Bummed, we pulled into an overflow parking spot and weighed our options: we could head back down the eight mile dirt road and find a wide spot in the road to set up (a dusty) camp; we could head home and try again some other time; or we could see if someone with a spot would let us share.
A bit awkwardly, and with my face covered in a mask, I approached the folks staying in what is arguably the best spot in the campground. A quick look at their reservation ticket showed that they'd been there for a couple nights, and this was going to be their final night before heading home.
Well, it turns out that Carol and Rick (of Edmonds, WA) couldn't have been nicer. After a brief chat, they were happy to let us park in front of their car and open up the tent on our 4Runner.
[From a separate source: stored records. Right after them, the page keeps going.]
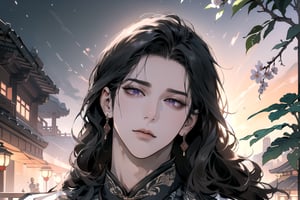 (Absurdres, Intricate Details, Masterpiece, Best Quality, High Resolution, 8k), (1man), (male:1.2), mature face, (mature boy:1.2), serious, finely detailed eyes and face, lean body, (black long straight hair:1.2), (purple eyes), (Chinese costume), (focus on character:1.1), solo, full body shot, laying on a lavishly adorned bed, intricate Chinese motifs, detailed background with traditional Chinese architecture, serene expression, ethereal atmosphere, Depth of Field, Chinese style, soft lighting, [ArtStation], [WLOP], [Krenz Cushart]
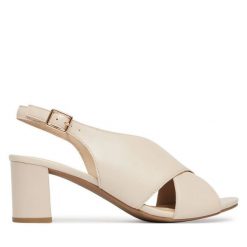 Sandały Caprice. Białe sandały Caprice, bez wzorów, bez obcasa, na słupku, bez zapięcia. Za 329.99 zł.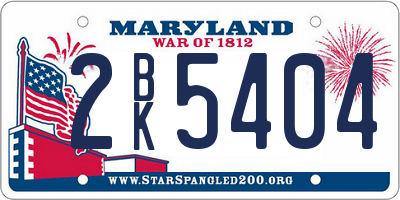 MD license plate 2BK5404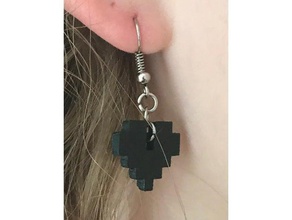 pixel cuore orecchino gli orecchini 3d print model - Mito3D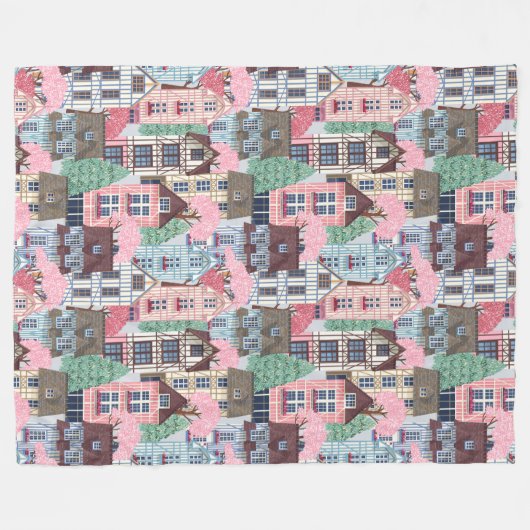 Cute Houses Fleece Blanket (Voorkant (Horizontaal))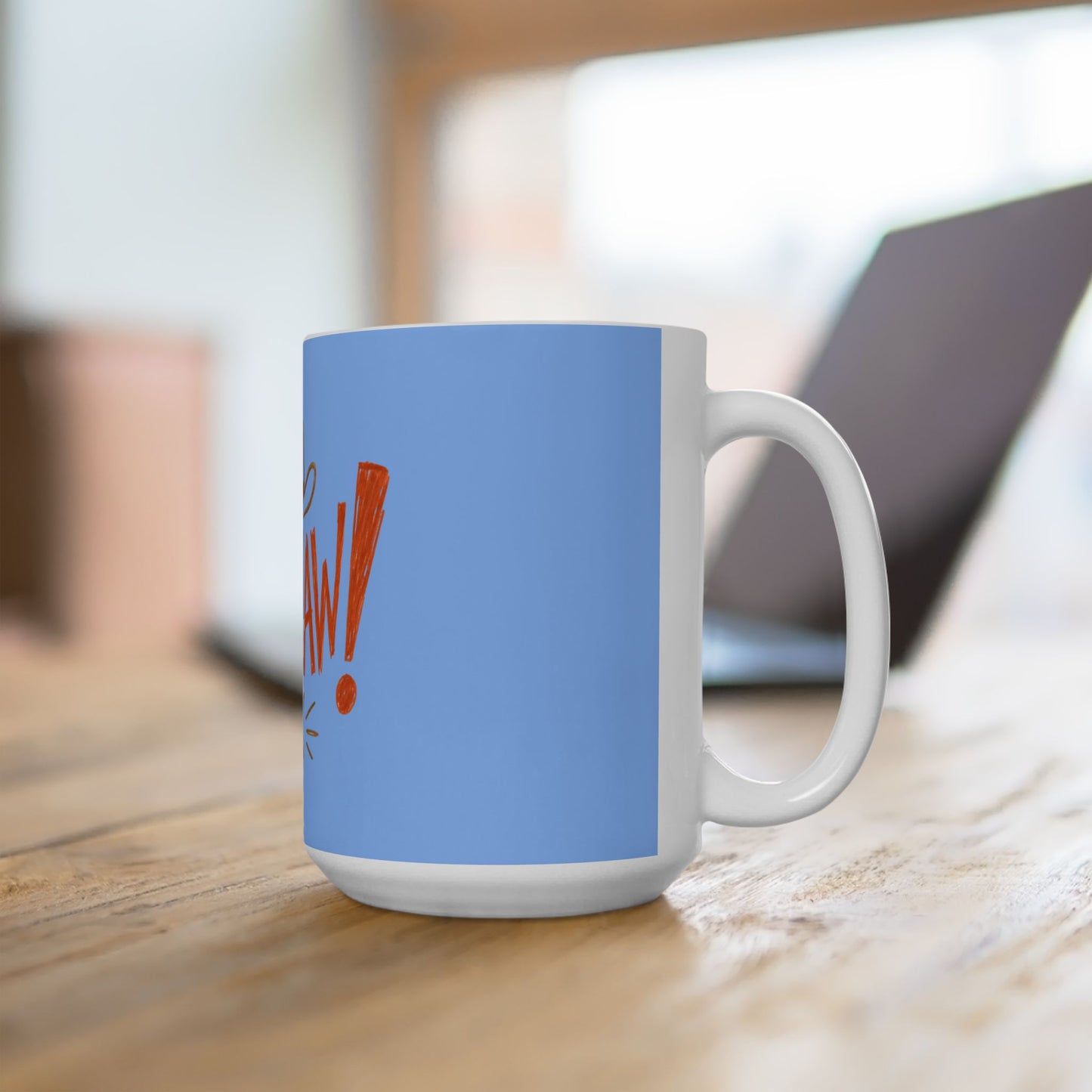 Coastal Cowgirl "Yeehaw" Ceramic Mug, Sky Blue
They even invited us to join them around their camp fire (we didn't, since we didn't want to intrude), and to put a tag on the site marker reserving it beyond the end of the their stay!
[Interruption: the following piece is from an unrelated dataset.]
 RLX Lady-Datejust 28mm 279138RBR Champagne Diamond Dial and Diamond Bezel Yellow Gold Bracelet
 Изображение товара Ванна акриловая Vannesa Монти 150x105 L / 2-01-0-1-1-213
As @mini.turbodb scampered off to explore, @mrs.turbodb and I unfolded our chairs in the shade and pulled out our Kindles for a couple hours of relaxation, with a pretty nice view.
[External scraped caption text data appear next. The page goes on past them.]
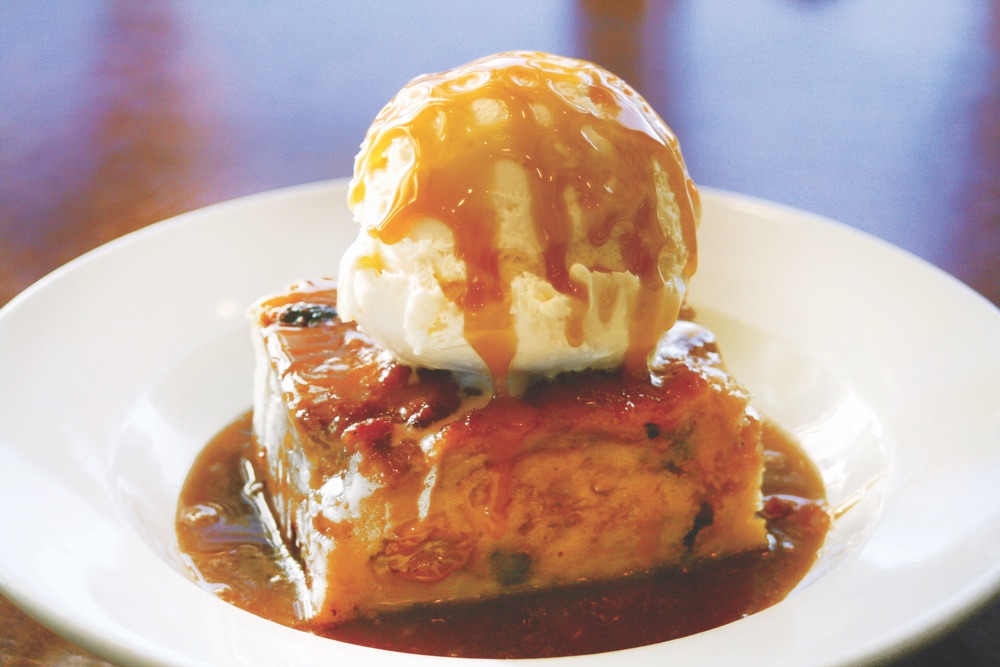 New Orleans Bread Pudding With Vanilla Ice Cream and Drizzled Caramel From 723 Whiskey Bravo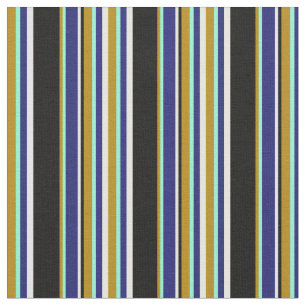 Goldenrod, Aquamarine, Blue, Mint Cream & Black Fabric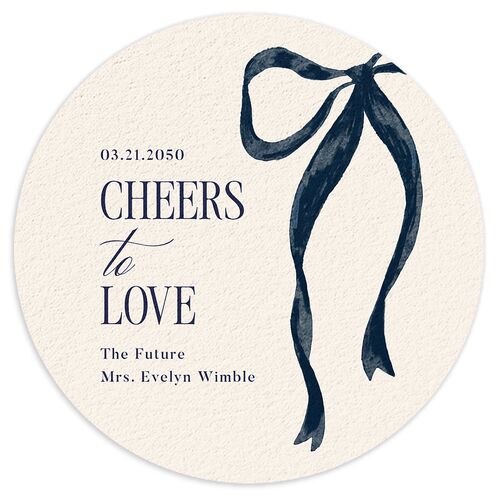 She’s Tying the Knot Whimsical Hand Drawn Bow Bridal Shower Wedding Day Coasters Moody Blue Cardboard Circle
If you find yourself reading a good book here, savor it.
Having eaten a very late lunch just before heading up to camp, we all decided that dinner wasn't really necessary, and as the sun started to get lower on the horizon, we figured we should gain a little elevation to take it all in. The road behind camp wound up Blue Mountain - a perfect place to enjoy the display.
This looks amazing. What you can't see are the gnats! Luckily, they were concentrated at this rock outcropping.
With the sun below the horizon we made our way back to camp just as a heavy rain shower started! We'd checked the weather prior to the trip and there was no precipitation predicted, but hey, at least we hadn't deployed the tent yet!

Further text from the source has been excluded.